[Data entries]

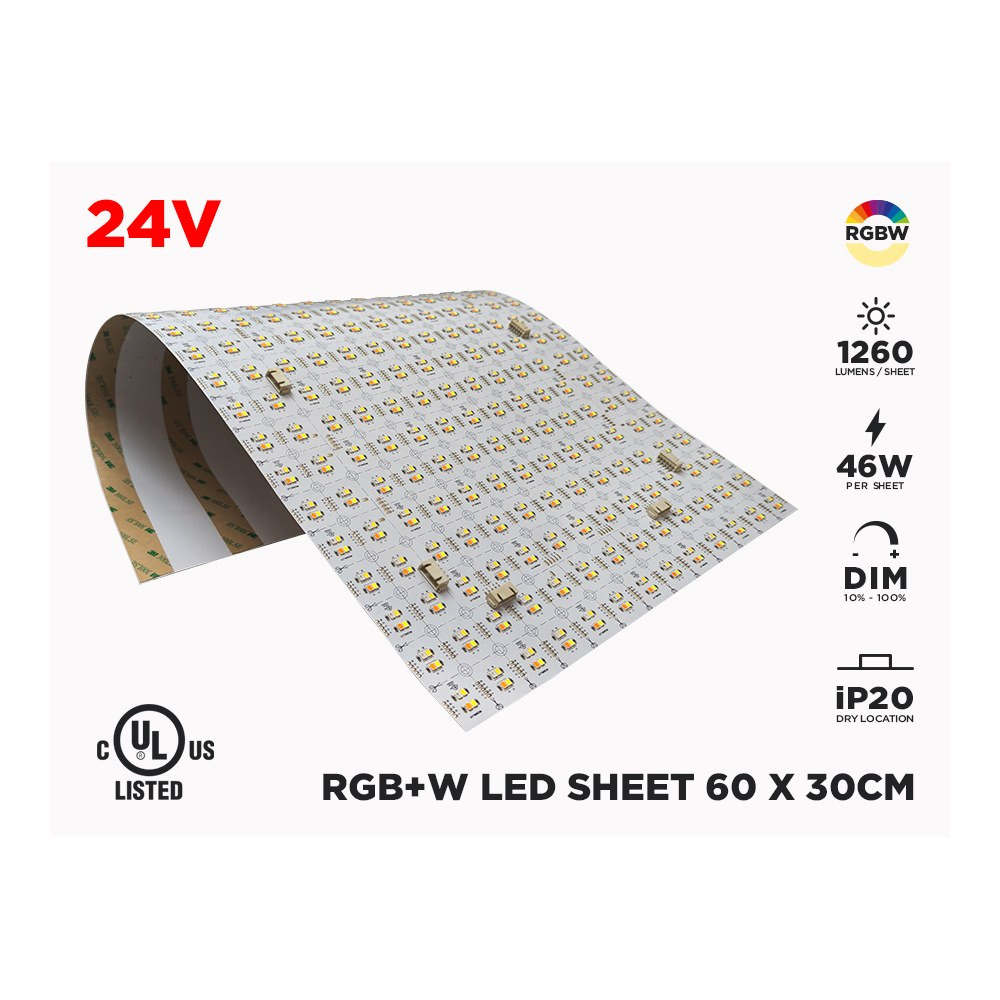 RGBW LED SHEET 60X30CM (46W PER SHEET)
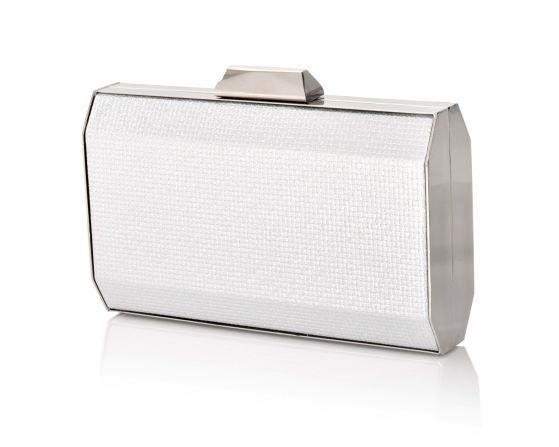 carlo fellini Carlo Fellini- Estrella Embellished Metal Frame Clutch (75 19969) (silver)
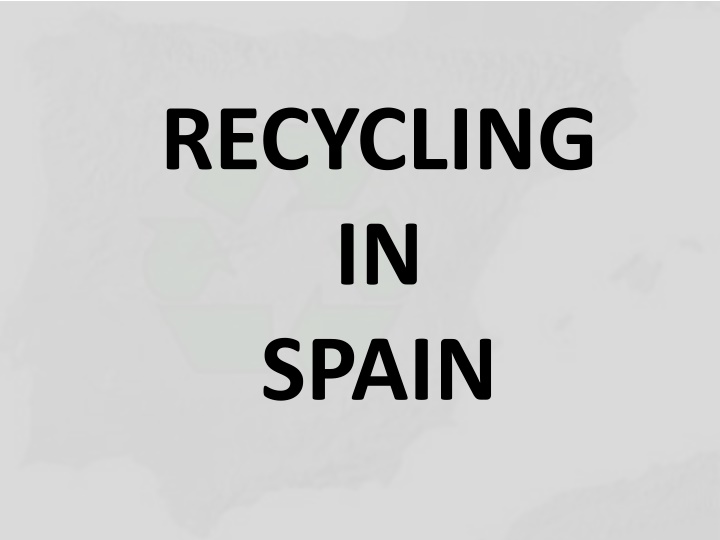 recycling in spain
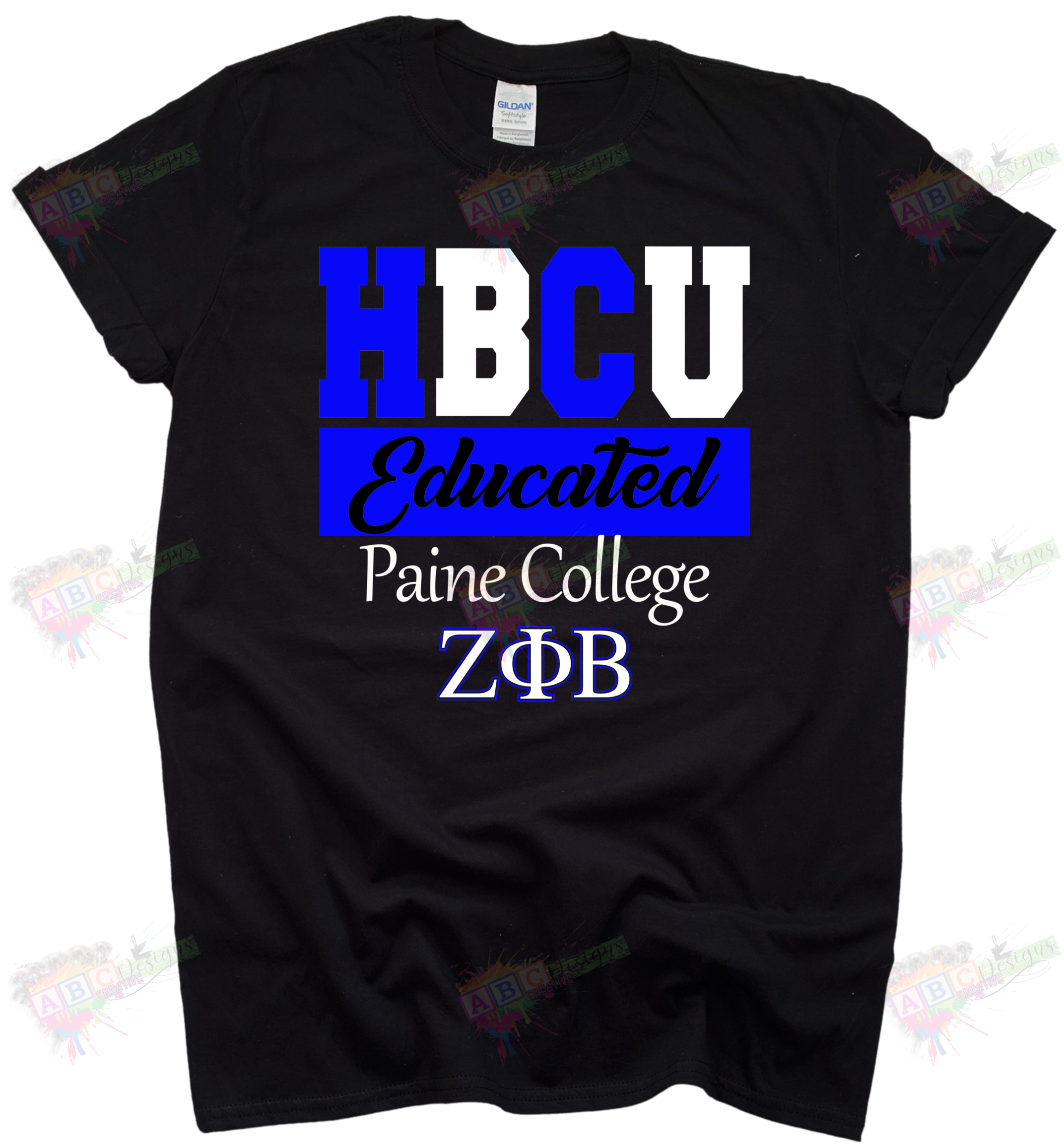 Custom HBCU Educated - Greek tshirts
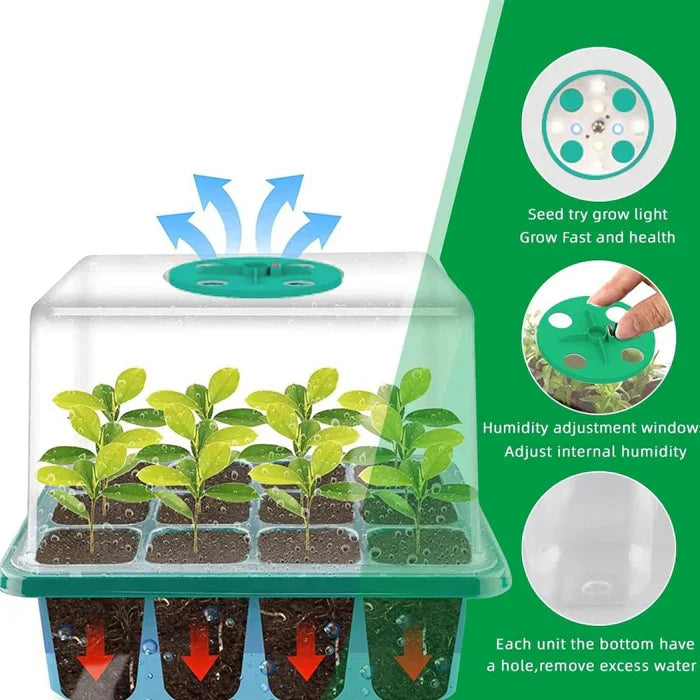 PlantJoy | Indendørs Mini-Gartneri med Belysning Nuvenci.dk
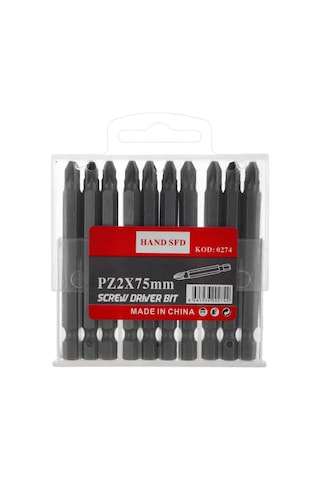 Yıldız Tornavida Ucu Ph2 75mm 10'lu Paket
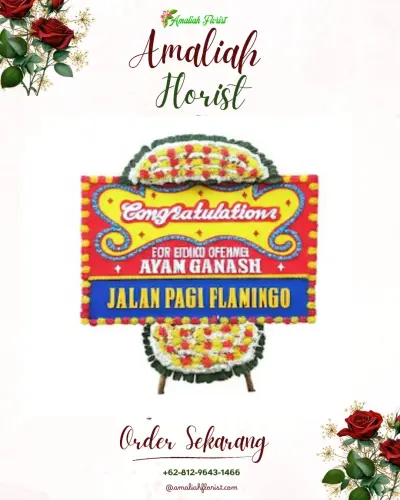 Bunga Papan Congratulation di Wirapanjunan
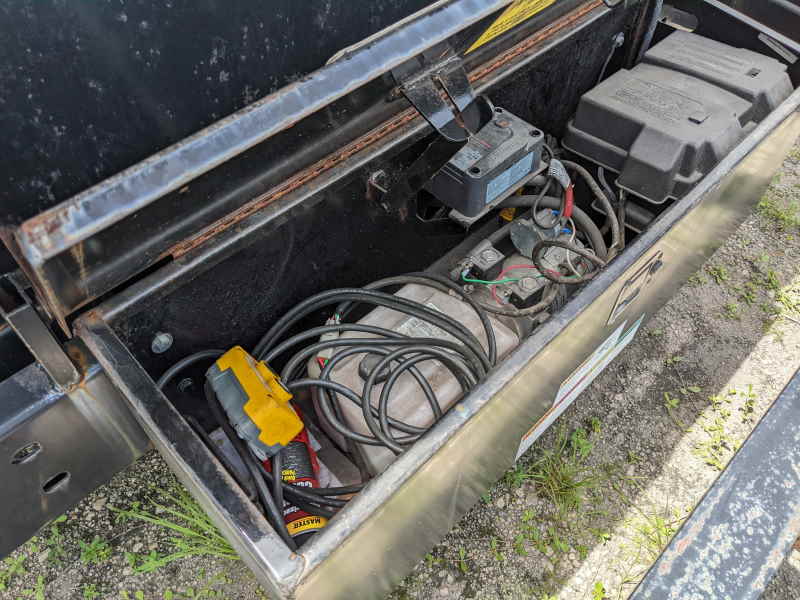 best battery for dump trailer in battery box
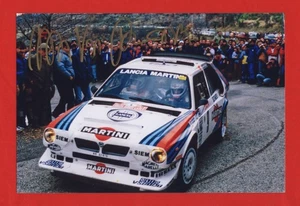 PHOTO cm13x19 signed by Miki Biasion LANCIA DELTA MARTINI S4 #9 MONTE-CARLO 1986 - Imagen 1 de 2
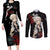 Sanemi Shinazugawa - Demon Slayer Couples Matching Long Sleeve Bodycon Dress and Long Sleeve Button Shirt Anime Japan Style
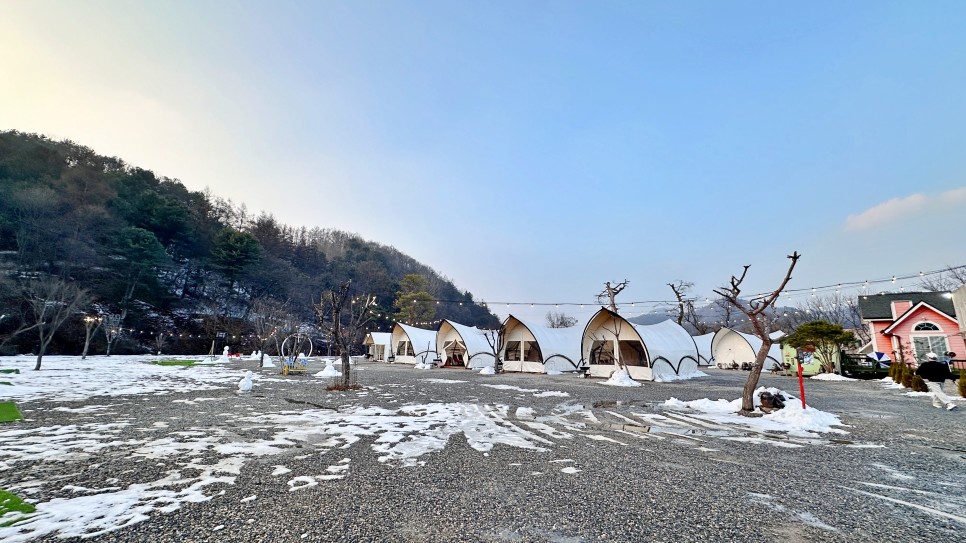 한국에서 첫 캠핑 가평더캠프카라반글램핑 캠핑고기 메뉴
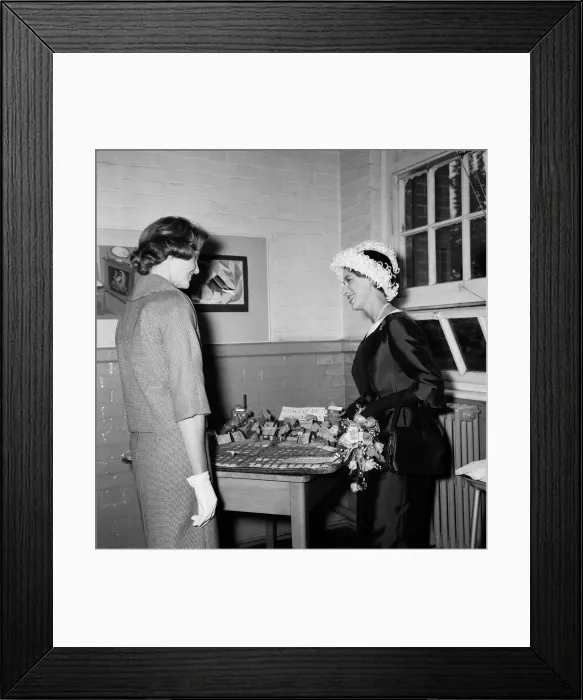 Framed Print : Princess Margaret visits the Princess Margaret Rose School, Windsor. 22nd July 1960 Framed Print : Princess Margaret visits the Princess Margaret Rose School, Windsor. 22nd July 1960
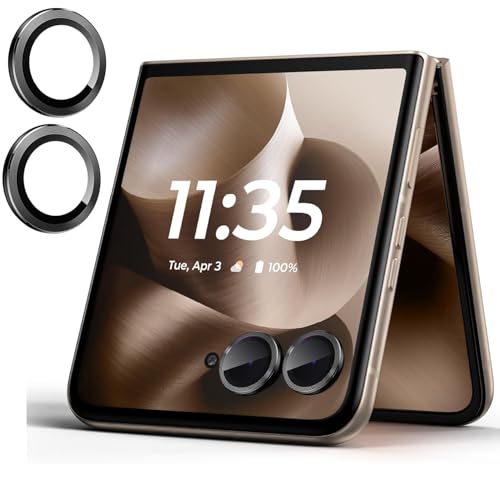 Ltezixal Kamera-Objektivschutz für Motorola Razr 60 Ultra/Motorola Razr Ultra 2025, kratzfest, HD-Klarheit, ultradünn mit Aluminiumkante, individuelle Metall-Objektivabdeckung, Schwarz, 2 Stück Ltezixal Kamera-Objektivschutz für Motorola Razr 60 Ultra/Motorola Razr Ultra 2025, kratzfest, HD-Klarheit, ultradünn mit Aluminiumkante, individuelle Metall-Objektivabdeckung, Schwarz, 2 Stück von Ltezixal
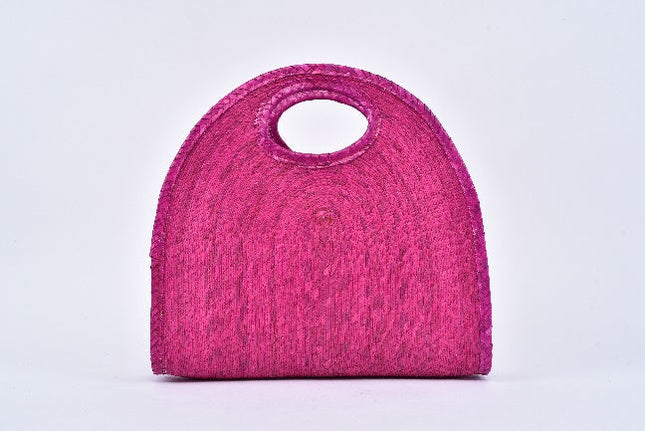 Bolsa de palma Media Luna color Rosa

→ WHAT THE TASK ASKS
Please print exactly the lines from the one holding "한국에서 첫 캠핑 가평더캠프카라반글램핑 캠핑고기 메뉴" through the final line of the data above, including both, and skip all pictures.

→ WRITTEN ANSWER
 한국에서 첫 캠핑 가평더캠프카라반글램핑 캠핑고기 메뉴
 Framed Print : Princess Margaret visits the Princess Margaret Rose School, Windsor. 22nd July 1960 Framed Print : Princess Margaret visits the Princess Margaret Rose School, Windsor. 22nd July 1960
 Ltezixal Kamera-Objektivschutz für Motorola Razr 60 Ultra/Motorola Razr Ultra 2025, kratzfest, HD-Klarheit, ultradünn mit Aluminiumkante, individuelle Metall-Objektivabdeckung, Schwarz, 2 Stück Ltezixal Kamera-Objektivschutz für Motorola Razr 60 Ultra/Motorola Razr Ultra 2025, kratzfest, HD-Klarheit, ultradünn mit Aluminiumkante, individuelle Metall-Objektivabdeckung, Schwarz, 2 Stück von Ltezixal
 Bolsa de palma Media Luna color Rosa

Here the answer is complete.